Monday, November 27, 2017

Sports: How The [Minnesota] Vikings Came To Wear Purple

 If you ask the average fan who designed the team's horn-clad helmet and original uniforms, who created the team's familiar Norseman logo, or why the Vikings wear purple and gold, you'll probably get a blank stare. As recently as two years ago, you'd probably have received the same response from the team's entire front office staff.
The answers to those questions, it turns out, were hanging on a Los Angeles cartoonist's office wall for decades. And they're now part of a permanent exhibit at the Vikings' stadium in Minneapolis.
Confused? Here's the backstory: The Vikings' first general manager was former Los Angeles Rams public relations director Bert Rose, and their first coach was former Rams quarterback Norm Van Brocklin. When it came time to create the new team's look in 1961, they turned to a prominent Los Angeles sports cartoonist named Karl Hubenthal, whom they knew from their days in L.A.
It was Hubenthal -- not a Vikings employee, not a Minnesota design firm, not the NFL Properties office -- who designed the Norseman logo and the team's original uniform set, including the distinctive horned helmet.

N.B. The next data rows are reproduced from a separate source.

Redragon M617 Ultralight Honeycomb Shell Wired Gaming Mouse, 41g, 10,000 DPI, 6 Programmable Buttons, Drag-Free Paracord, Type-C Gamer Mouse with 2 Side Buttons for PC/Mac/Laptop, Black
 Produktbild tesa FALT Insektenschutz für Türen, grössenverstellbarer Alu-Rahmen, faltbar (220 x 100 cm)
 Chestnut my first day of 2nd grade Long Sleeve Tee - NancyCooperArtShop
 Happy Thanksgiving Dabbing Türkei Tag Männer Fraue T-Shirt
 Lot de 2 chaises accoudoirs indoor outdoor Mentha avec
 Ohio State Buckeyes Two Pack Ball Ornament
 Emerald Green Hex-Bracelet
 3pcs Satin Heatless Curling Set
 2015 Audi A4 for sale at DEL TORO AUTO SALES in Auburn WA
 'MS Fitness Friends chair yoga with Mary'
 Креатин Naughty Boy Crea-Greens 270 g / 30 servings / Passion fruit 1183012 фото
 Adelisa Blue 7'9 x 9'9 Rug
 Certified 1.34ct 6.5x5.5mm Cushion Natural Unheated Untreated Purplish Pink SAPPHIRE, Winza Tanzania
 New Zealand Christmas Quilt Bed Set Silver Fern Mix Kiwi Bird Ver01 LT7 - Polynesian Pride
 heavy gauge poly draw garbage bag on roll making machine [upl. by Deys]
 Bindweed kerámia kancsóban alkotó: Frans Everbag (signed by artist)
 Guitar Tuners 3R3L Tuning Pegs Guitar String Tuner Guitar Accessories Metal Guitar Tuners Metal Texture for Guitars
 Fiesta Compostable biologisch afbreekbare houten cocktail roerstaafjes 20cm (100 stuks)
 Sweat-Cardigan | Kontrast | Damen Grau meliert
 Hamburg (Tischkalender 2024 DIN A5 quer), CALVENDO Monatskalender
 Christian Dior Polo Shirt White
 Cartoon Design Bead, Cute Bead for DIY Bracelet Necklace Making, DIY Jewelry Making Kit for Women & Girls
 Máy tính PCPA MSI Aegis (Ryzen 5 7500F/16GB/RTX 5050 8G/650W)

Per Rose's instruction, Hubenthal executed the designs in purple and gold. Why those colors? Because those are the colors of the University of Washington, where Rose had attended college. So with the L.A. and Washington connections, the look of this quintessentially midwestern team had strong West Coast roots.
We know all of this because Hubenthal saved his original sketches of the uniform and logo, had them framed, and hung them on his office wall for many years. On the back of the frame he inscribed a note: "I designed the [Vikings'] uniform, helmet, and trademark logo at the request of Bert Rose, the first general manager of the new franchise, and Norm Van Brocklin, their first coach. I had known them when they were with the L.A. Rams. Rose was a U. of Washington grad, hence the purple and gold colors."
Hubenthal died in 1998. Toward the end of 2015, one of his daughters, Karen Chappell, was going through some of his old belongings and decided to ask the Vikings if they wanted to have the drawings. The timing turned out to be perfect, because the Vikes were in the final stages of building U.S. Bank Stadium, which was set to open in 2016. They were planning to include a team museum called Vikings Voyage.
"We knew right away that this was something that had to be included there," said Zachary Tarrant, the team's archive coordinator. "It was precisely the kind of thing we wanted to showcase. Not many teams have something so definitive and so tangible, all on display."
The resulting exhibit is pure eye candy for uniform fans, plus it provides a tantalizing glimpse at what might have been. Hubenthal's original design concept called for diagonally crossed stripes on the socks, evoking the leather straps or leggings worn by real Vikings. That seems like something Nike or Under Armour might come up with nowadays, but it was unheard of back in 1961. In addition, Hubenthal's original jersey design featured gold sleeve striping with a V-shaped pattern. That design element, along with the sock concept, didn't make it to the final on-field product.
It's hard to overstate what a revelation all of this is. For starters, it's extremely rare to see original uniform and logo drawings from this period. These materials are essentially the Rosetta Stone of the Vikings' visual heritage.
Moreover, while Hubenthal was an award-winning newspaper cartoonist with a long, storied career in sports graphics, his connection to the Vikings -- and the full extent of that connection -- was largely unknown until the drawings resurfaced. His Wikipedia entry makes no mention of the Vikings (although that will probably change once this article is published). A handful of serious uniform aficionados knew he had created the Norseman logo, but nobody appears to have known that he also designed the uniforms. The Vikings' original trainer and current team historian, Fred Zamberletti, who was on the sidelines for every single Vikings game from 1961 through 2011, said in a recent interview that he'd never even heard of Hubenthal.As for the story behind the team colors, the University of Washington connection has been mentioned before (there's a brief reference to it, for example, in Jim Bruton's 2011 book, "A Tradition of Purple: An Inside Look at the Minnesota Vikings"), but it doesn't seem to be widely known. In fact, a video on the Vikings' own website says purple was chosen "to make a bold statement" and because the team "needed an identity," with no mention of Bert Rose or Washington.

By now you may be wondering, "Who was this Karl Hubenthal guy?"
The short version is that Hubenthal was one of the country's leading editorial and sports cartoonists from the 1950s through the 1980s. His work was a mainstay in the Los Angeles Herald-Examiner and was syndicated throughout the Hearst newspaper empire. He also did a ton of sports program coversyearbook covers, and a lot more. Based in L.A., he was a West Coast counterpart to Eastern sports cartoonists like Willard Mullin and Bill Gallo.